Veteran families currently living in Chino, Chino Hills, Claremont, Covina, Diamond Bar, Glendora, La Puente, La Verne, Montclair, Ontario, Pomona, Rancho Cucamonga, San Dimas, Upland, Walnut and West Covina may apply. Application forms may be obtained by calling 909-596-7098.
Applicants living in Walnut and La Verne will be given first consideration for the individual houses built in those cities. If no eligible veteran family is found in these two cities, then the La Verne and Walnut houses will be available to other veterans living in the regional Habitat’s 16-city service area, said executive director Jody Gmeiner.
To participate in this program, applicants must first be a veteran of the Air Force, Army, Coast Guard, Marines or Navy.
“There must be need, ability to pay a mortgage and a desire to partner” with organizations and individuals in the community, Gmeiner said.
The family must be able to make a $2,500 payment towards closing costs, willing to work 250 or 500 sweat-equity hours on the house it will occupy as well as another house and attend mandatory home ownership workshops, she added.
Volunteers from the general community, churches, service clubs, businesses and local governments build the houses.
The Habitat program allows families to buy houses and fulfill their dreams of home ownership that could not be realized through traditional transactions, Gmeiner noted.
The four veteran houses will be built as part of the Pomona Valley Habitat’s “Salute To Service” campaign.
Groundbreaking for the first house in Walnut will be held in June.
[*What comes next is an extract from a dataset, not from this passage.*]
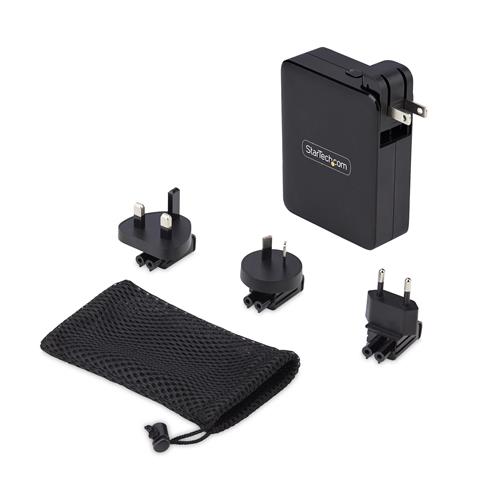 CARICABATT. USB-C DA 140W GAN ALIMENTATORE PD 3.1 USB-C/USB-A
It will be a “green” house built as part of a collaborative effort by the Pomona Valley Habitat, Southern California Edison, Peninsula Publishing and the city of Walnut.
Volunteer architects are designing three other homes – one in La Verne and two in Chino Hills.
Habitat for Humanity International is a global nonprofit, ecumenical ministry founded by Millard Fuller in 1976 to eliminate poverty housing and build affordable homes for low- and moderate-income families. The Pomona Valley affiliate is one of 1,500 worldwide. The international organization has served four million families in 3,000 communities to date and operates in 70 countries.
The Pomona Valley affiliate, founded by Ted Woodson, has built affordable houses throughout the Inland and San Gabriel valleys. Several began construction during the L.A. County Fair and the houses were relocated to city sites later for finishing work and landscaping.